5 posts from March 2015

25 March 2015

Help! British Library needs 50,000+ maps georeferenced

We have 50,000 maps online that we ask you - the public - to identify the geographical location of.   The BL Georeferencer release is now live at

http://www.bl.uk/maps/

Stockholm1
A plan of the city of Stockholm” published in 1802, overlaid on current Google mapping

Using the BL Georeferencer online application, you will be presented with a historic map from a 19th century book; by finding the location on a modern map or imagery alongside, the old map is “georeferenced”, and can be overlaid and interacted with in your browser (as above).

This is our largest release of maps yet, and will be a formidable task to complete, so any amount of help you can offer us will be gratefully received!

 

11 March 2015

A rum Lot of Maps

As is to be expected, King George III’s Topographical Collection contains outstanding examples of all the major maps and atlases published in his lifetime and extending back to 1660. Less comprehensively the collection goes back to include Italian maps published in Rome and Venice from 1540.

Brighton

Thomas Yeakell sr and William Gardner, View of the Town of Brightelmstone, (Brighton: P. Thomas, 1779). Maps K. Top. 42.14

But the Collection’s great delight is the variety of map that is to be found. George III’s beautiful copy of the map of ‘Brightelmstone’ surveyed in 1779 by Thomas Yeakell and William Gardner was probably specially coloured, by Yeakell’s daughter Louisa, a skilled colourist, for presentation to the King. Beneath the map showing a town that had barely expanded beyond The Lanes, there is a panorama of what was soon to become Brighton from the sea just as it was developing as a fashionable resort and a few years before the future Prince Regent created his ‘marine villa’, the predecessor of the Pavilion, just to the north of the old town. Yeakell and Gardner were to become famous far beyond the county of Sussex. Having come to the attention of the Master General of the Ordnance, the Duke of Richmond, Yeakell was to be appointed Master Draughtsman to the Ordnance in the early years of Ordnance Survey, and Gardner Chief Surveying Draughtsmen, and they set the quality and style of its maps.

Ktop20.
H. Hulsbergh, Plan of the City of London after the Great Fire . . . according to the Design and Proposal of Sir Christopher Wren, 1721.  Maps K.Top. 20.19-3.

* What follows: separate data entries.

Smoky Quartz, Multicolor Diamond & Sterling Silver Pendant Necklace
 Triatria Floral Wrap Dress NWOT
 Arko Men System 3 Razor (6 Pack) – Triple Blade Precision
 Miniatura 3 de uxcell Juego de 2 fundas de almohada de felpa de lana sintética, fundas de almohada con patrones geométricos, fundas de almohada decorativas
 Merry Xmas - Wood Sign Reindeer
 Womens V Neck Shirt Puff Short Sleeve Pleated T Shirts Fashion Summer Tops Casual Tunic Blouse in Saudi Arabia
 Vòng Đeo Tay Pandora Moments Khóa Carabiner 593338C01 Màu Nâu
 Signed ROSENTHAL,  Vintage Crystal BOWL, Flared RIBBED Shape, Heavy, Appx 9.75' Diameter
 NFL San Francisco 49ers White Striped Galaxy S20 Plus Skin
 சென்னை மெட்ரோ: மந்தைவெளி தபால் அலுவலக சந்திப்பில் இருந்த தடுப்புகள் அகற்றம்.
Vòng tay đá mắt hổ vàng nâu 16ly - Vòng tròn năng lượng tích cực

The King’s Topographical Collection includes a particularly rare copy of  Christopher Wren’s radical proposals for the rebuilding of London after the Great Fire of 1666. It is a proof example, published in his lifetime, with the title added in manuscript. Wren’s proposals came to nothing because, contrary to the impression given by his map, the City of London was not a blank sheet. The buildings may have been damaged or destroyed, but property rights remained intact – and so did the imperative to rebuild and to get back to business. 

Royalexchange
Thomas Taylor, A View of the Inside of the Royal Exchange in Cornhill, London as it now is 1712.   Maps K. Top. 24.11-k.

Of no building was this truer than the Royal Exchange, London’s commercial hub, which was soon rebuilt. Betraying the innate conservatism of most financial institutions, the new building strongly resembled Thomas Gresham’s Royal Exchange of the 1560s (as, in a more monumental way, does the present Royal Exchange of the late 1830s). The new building is shown here as it was in 1712.  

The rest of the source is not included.